Has Edtech’s moment arrived? The picture is inevitably mixed. The covid-19 crisis has exacerbated the digital divide. The poorest students living in places with the creakiest digital infrastructure have been least able to take advantage of virtual schooling. But what has been achieved in many places has nonetheless been remarkable. Nowhere more so than in India, where more than 4,000 edtech start-ups, attracting over $2bn of venture-capital funding, have emerged in the past five years. “Necessity is the mother of all invention,” says a teacher at a school in Chandigarh in Punjab that has embraced edtech. “It came as a blessing in a bleak situation and made a world of difference.”
Two big hurdles have confronted edtech in the past: adoption and access.

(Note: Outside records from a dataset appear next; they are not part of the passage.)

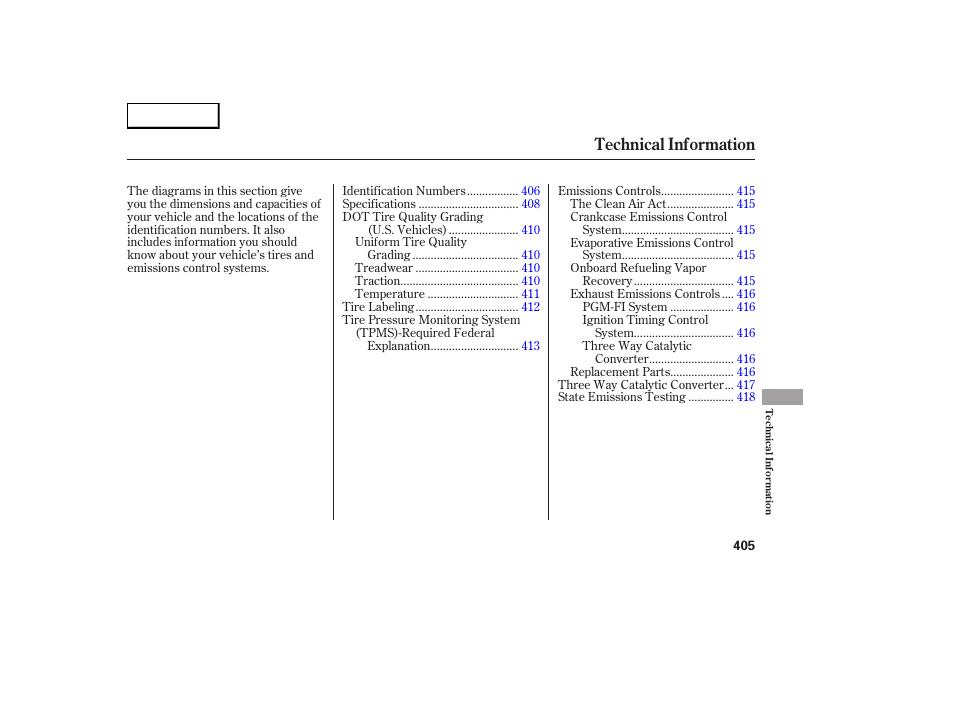 Technical information | Acura 2007 RDX - Owner's Manual User Manual | Page 409 / 442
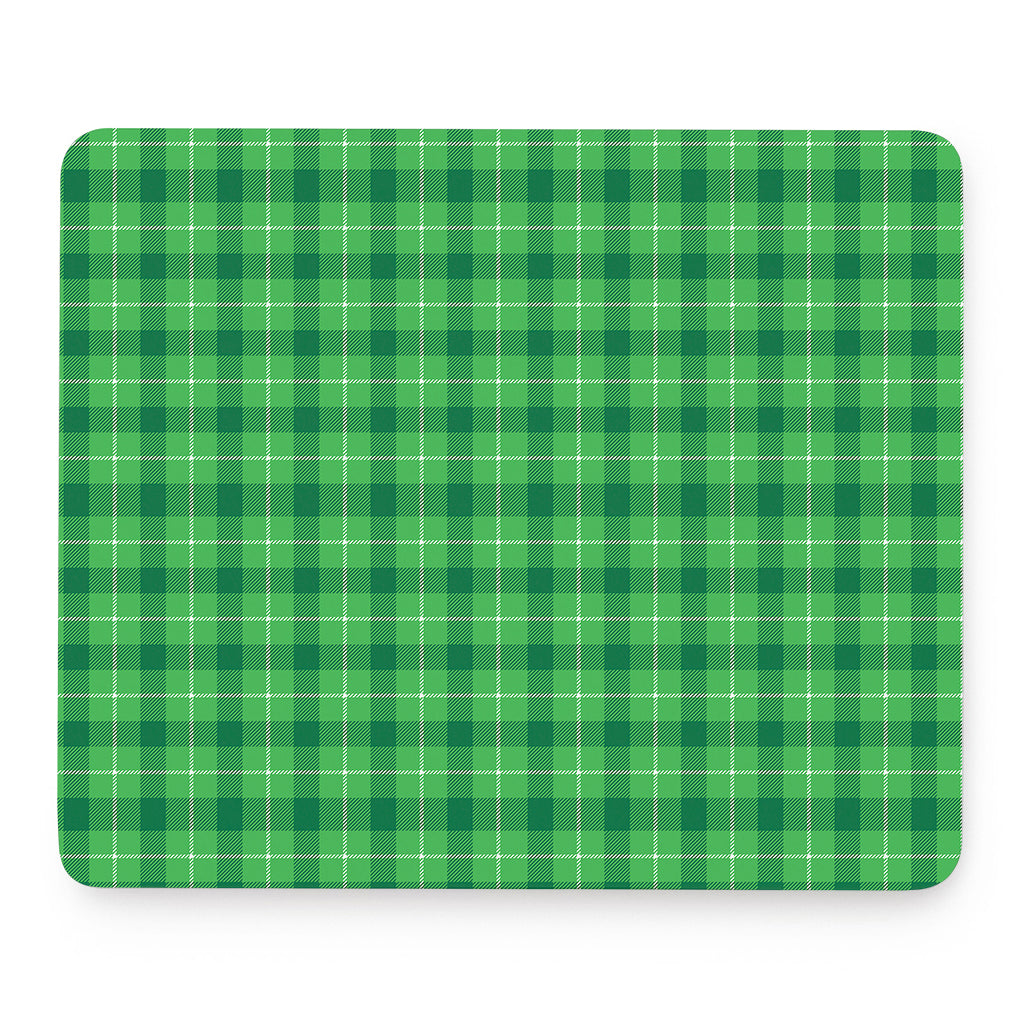 Shamrock Green Plaid Pattern Print Mouse Pad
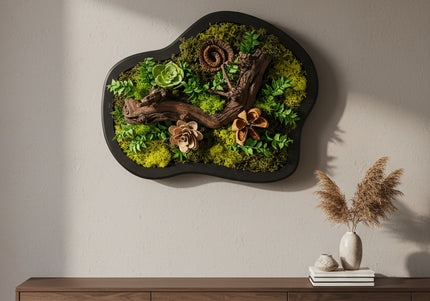 Tablou Biophilic „Amazonian Flow” – Panou Decorativ Handmade cu Formă Organică, Mușchi Stabilizat și Relief Sculptural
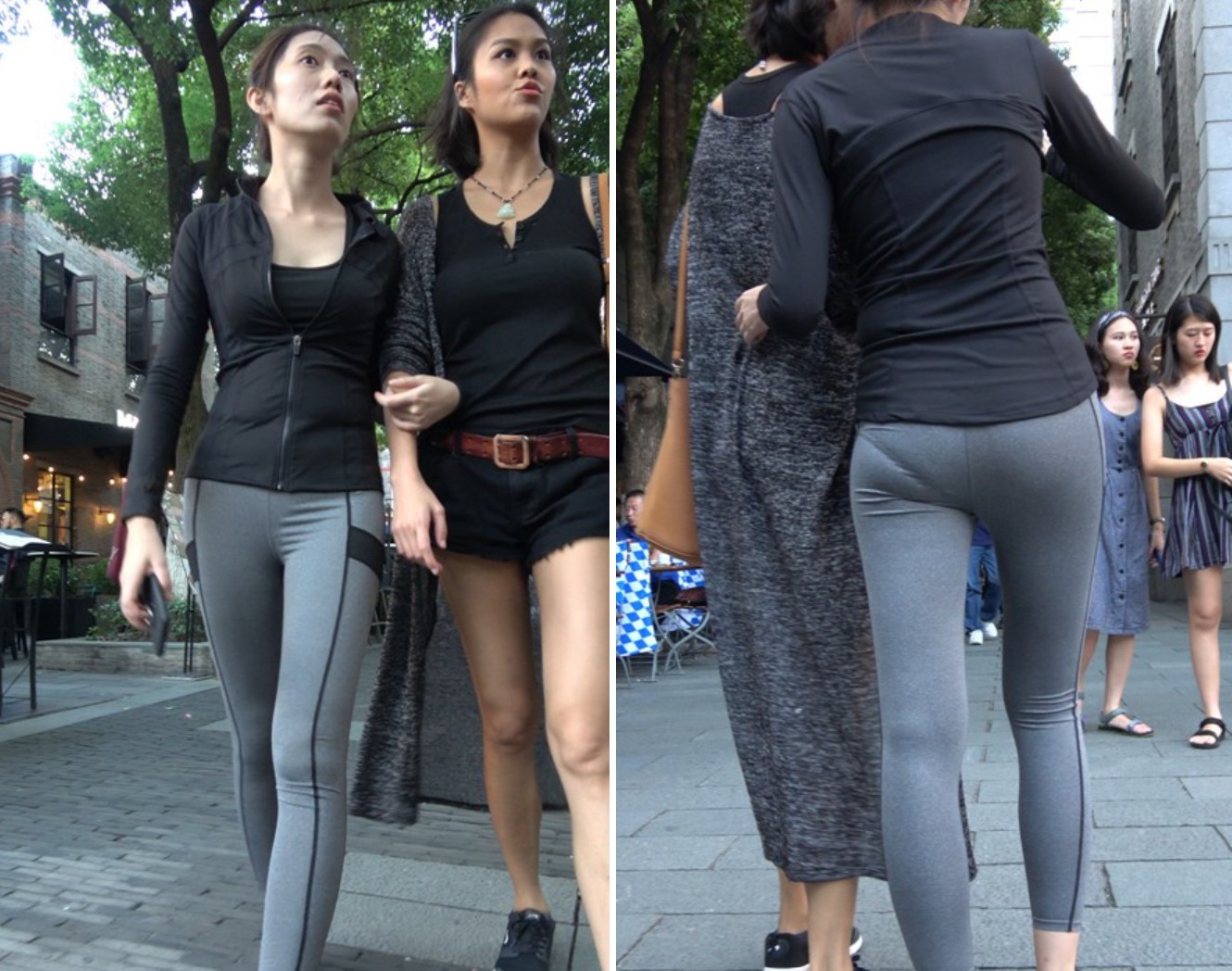 4k-灰色弹力裤运动鞋街拍美女 [1.92 GB]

India’s severe lockdown, leaving the country’s 1.5m schools and 250m K-12 pupils (from kindergarten to 18) desperate to maintain at least some learning, provided the spur to overcome the former. And cheap smartphones and tablets, combined with some of the lowest data prices in the world, have gone a long way towards solving the access problem. At the beginning of the year, before covid-19 hit, India already had more than 500m smartphone users, which meant that 77% of Indians had access to the mobile internet. That number has since risen significantly.